■ Information provided:
== Segment start ==
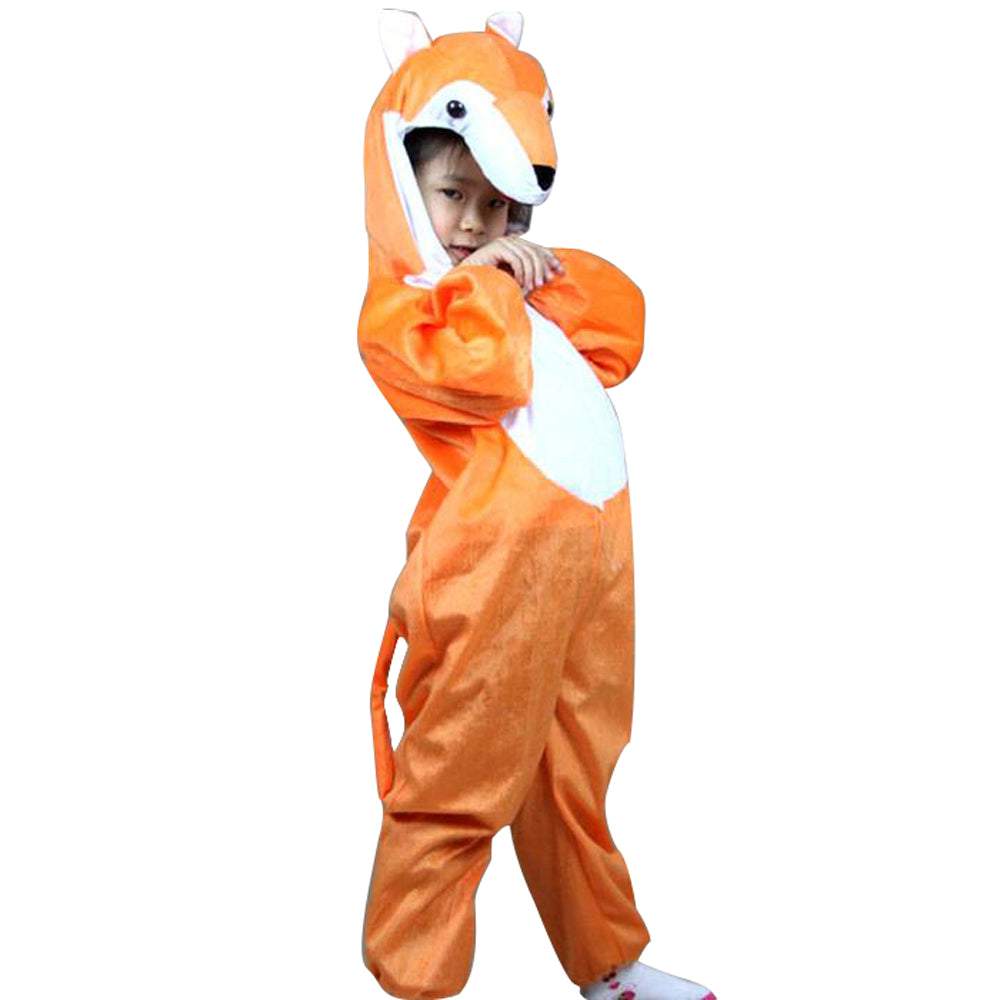 Halloween Child Fox Kids Animal Kigurumi Onesie Costume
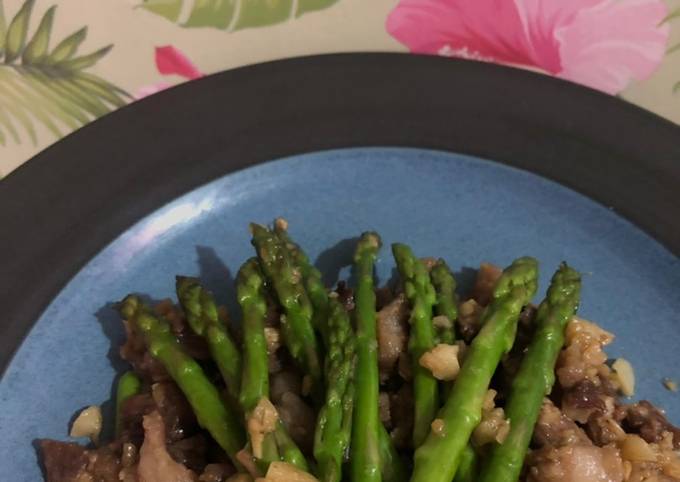 Asparagus Tumis Daging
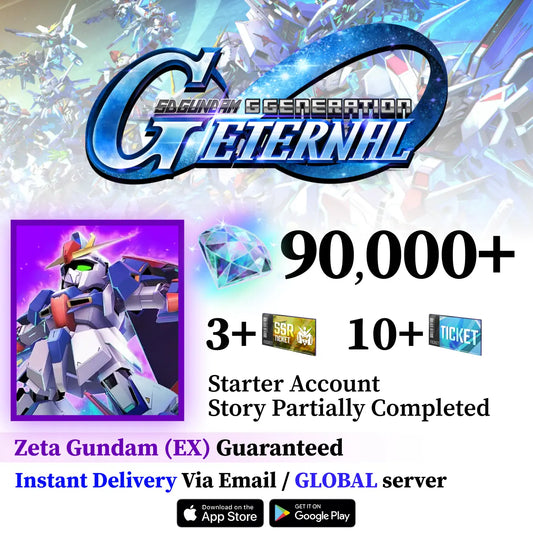Eternal Zeta Gundam Account SD Gundam G Generation ETERNAL [GLOBAL]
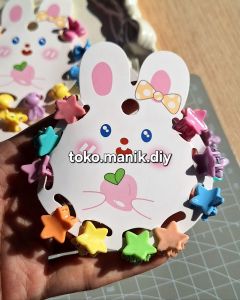 isi 10- jepit rambut mini jepit rambut anak lucu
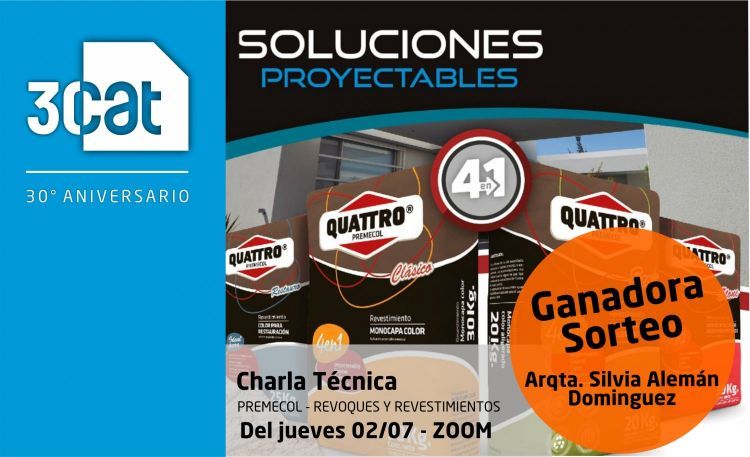 Ganadora Sorteo Charla Técnica Online del 02/07 SORTEO_SOLUCIONS_PROYECTABLES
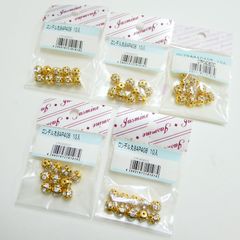 在庫処分 丸ロンデル8mm10コ入×5袋計50個 アクセ パーツ 最安挑戦 MK014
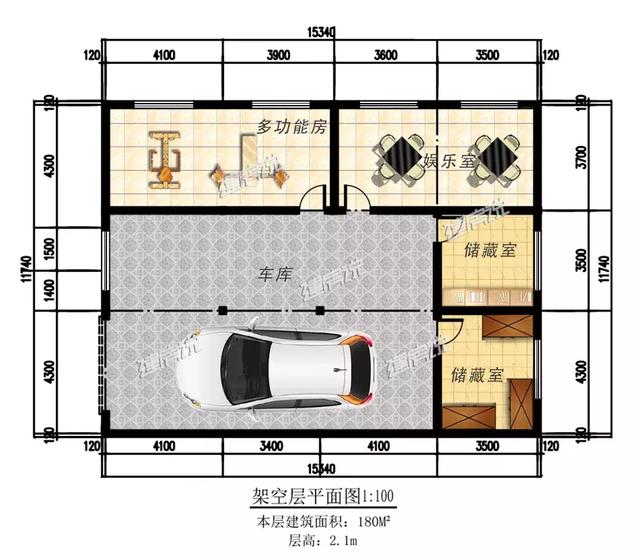 三款農(nóng)村自建別墅設(shè)計圖，帶露臺和院子，一家人坐在院子里其樂融融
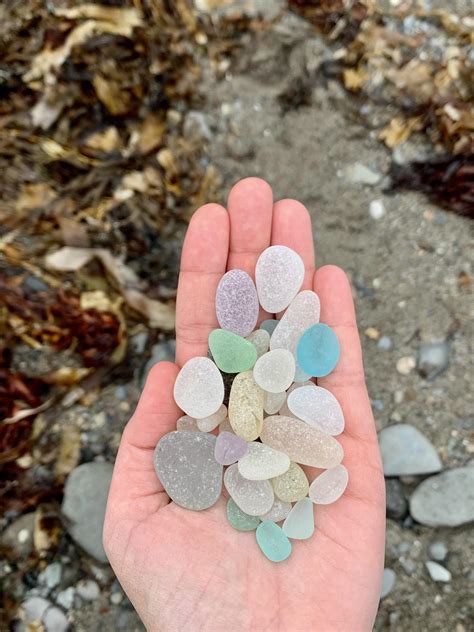 My Favourite Bubbly Pieces Nova Scotia Canada R Seaglass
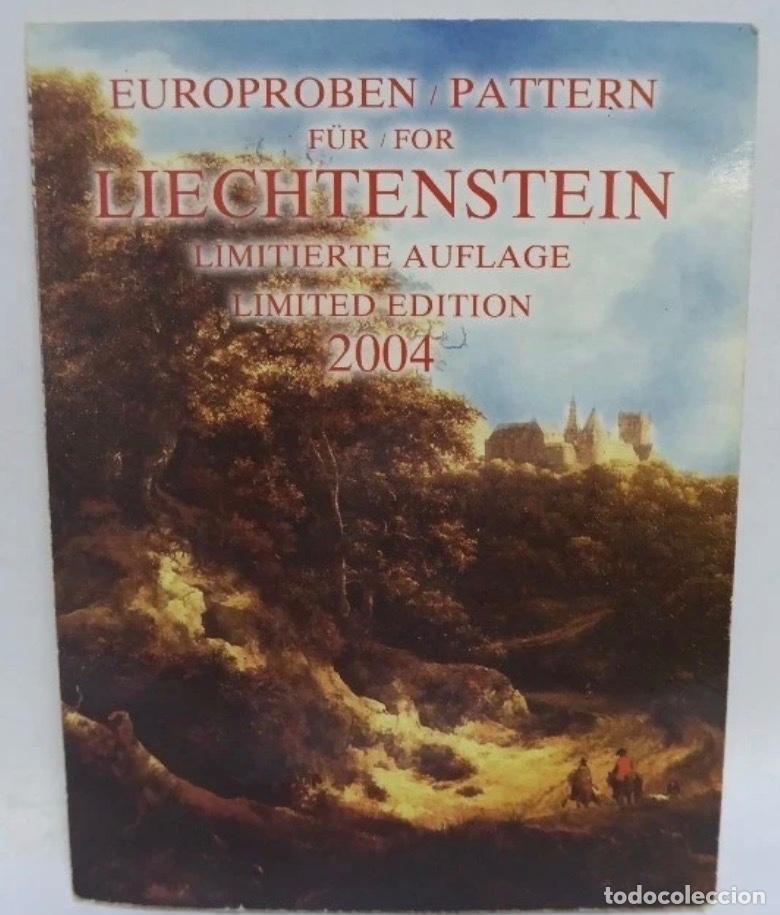 Euros: LIECHTENSTEIN 2004 &mdash; EUROPROBEN / PATTERN &mdash; SET COMPLETO DE 8 MONEDAS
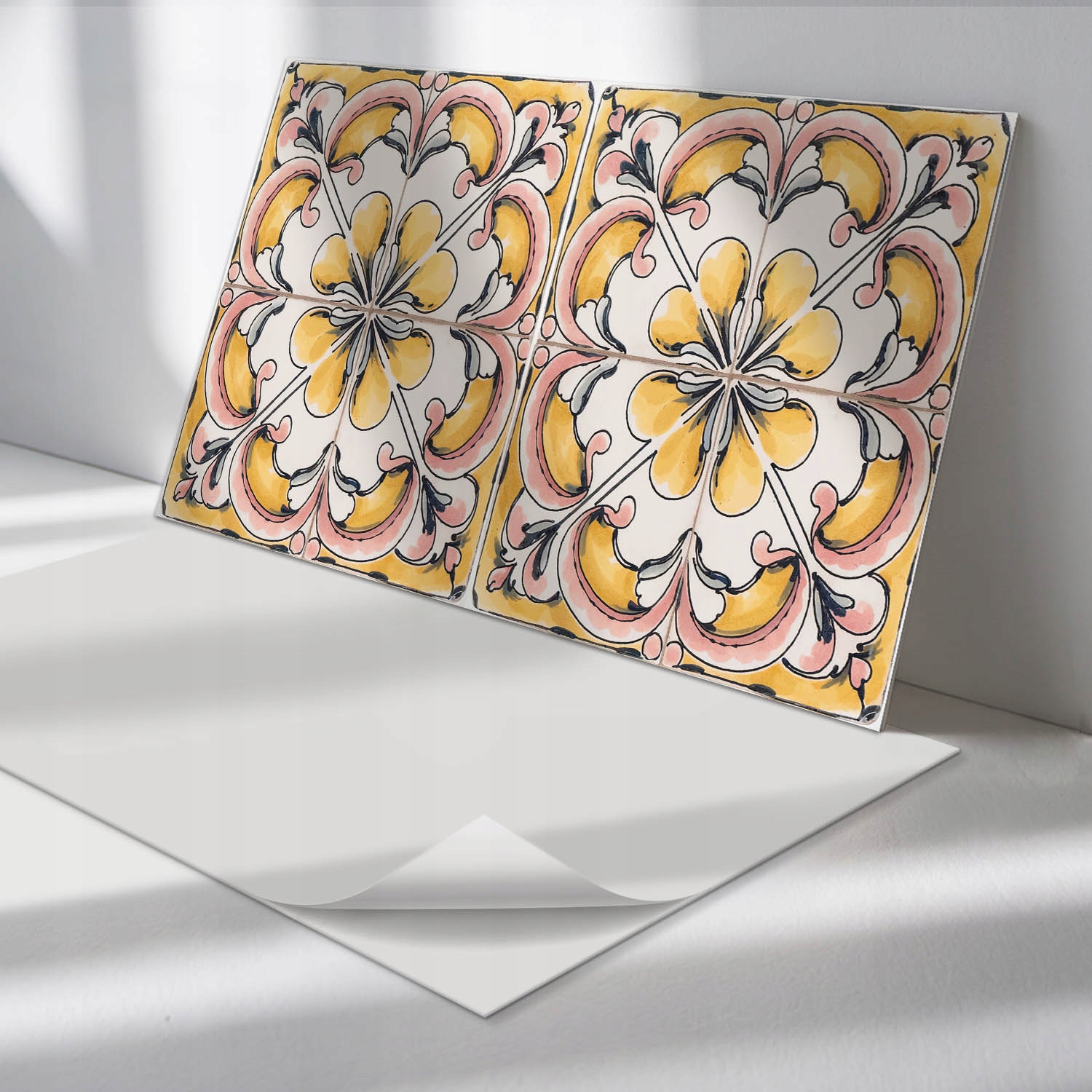Sada vinylových panelov s potlačou Kvetinový keramický vzor 6 x 60 x 30 cm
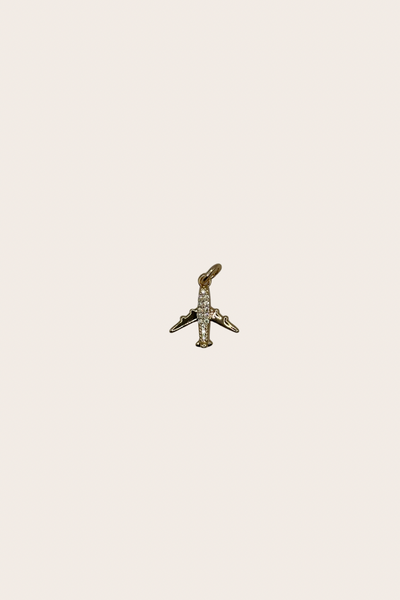 Small Airplane cz Charm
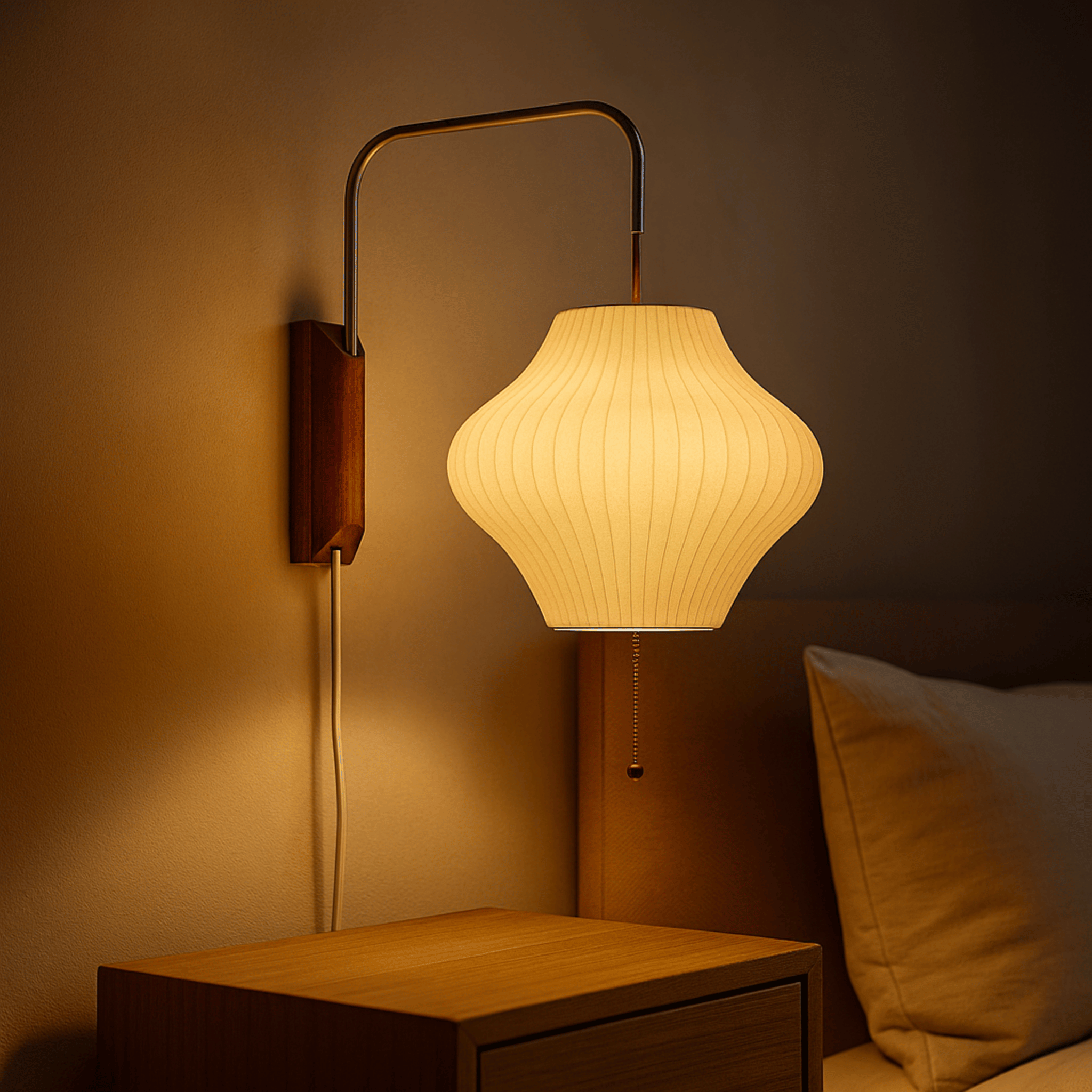 Solvei Silk Wall Sconce — Nordic Minimalist Design, Lantern, Ceiling Light Fixtures, Lamp for Bedroom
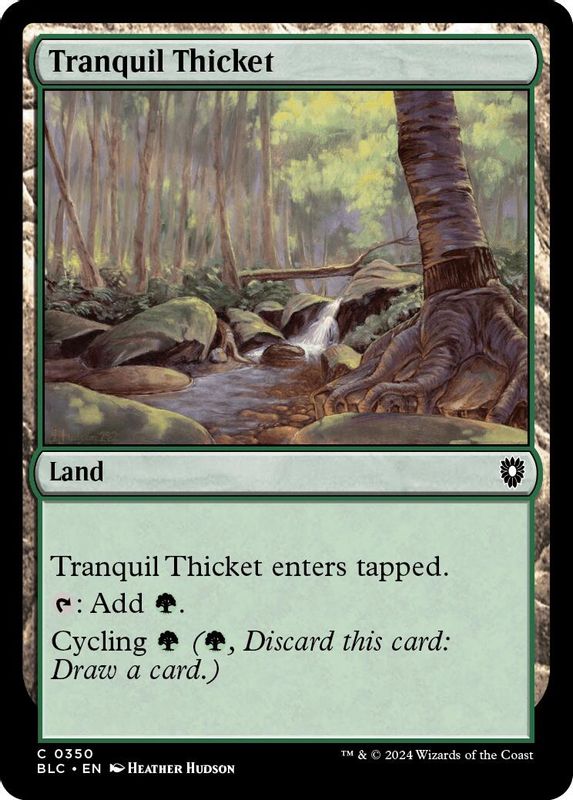 Tranquil Thicket - 350 - Common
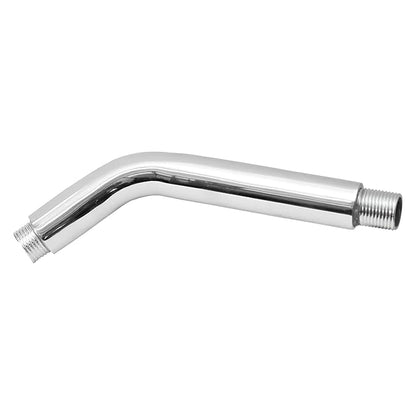 New Ware Round Shower Arm Chrome Finish Extension | 7 Inch Length with 45 Degree Angle for Comfortable Bathing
== Segment end ==
■ What you will do:
Restate the records word for word, omitting images.

■ Problem solution:
 Halloween Child Fox Kids Animal Kigurumi Onesie Costume
 Asparagus Tumis Daging
Eternal Zeta Gundam Account SD Gundam G Generation ETERNAL [GLOBAL]
 isi 10- jepit rambut mini jepit rambut anak lucu
 Ganadora Sorteo Charla Técnica Online del 02/07 SORTEO_SOLUCIONS_PROYECTABLES
 在庫処分 丸ロンデル8mm10コ入×5袋計50個 アクセ パーツ 最安挑戦 MK014
 三款農(nóng)村自建別墅設(shè)計圖，帶露臺和院子，一家人坐在院子里其樂融融
 My Favourite Bubbly Pieces Nova Scotia Canada R Seaglass
 Euros: LIECHTENSTEIN 2004 &mdash; EUROPROBEN / PATTERN &mdash; SET COMPLETO DE 8 MONEDAS
Sada vinylových panelov s potlačou Kvetinový keramický vzor 6 x 60 x 30 cm
 Small Airplane cz Charm
 Solvei Silk Wall Sconce — Nordic Minimalist Design, Lantern, Ceiling Light Fixtures, Lamp for Bedroom
 Tranquil Thicket - 350 - Common
 New Ware Round Shower Arm Chrome Finish Extension | 7 Inch Length with 45 Degree Angle for Comfortable Bathing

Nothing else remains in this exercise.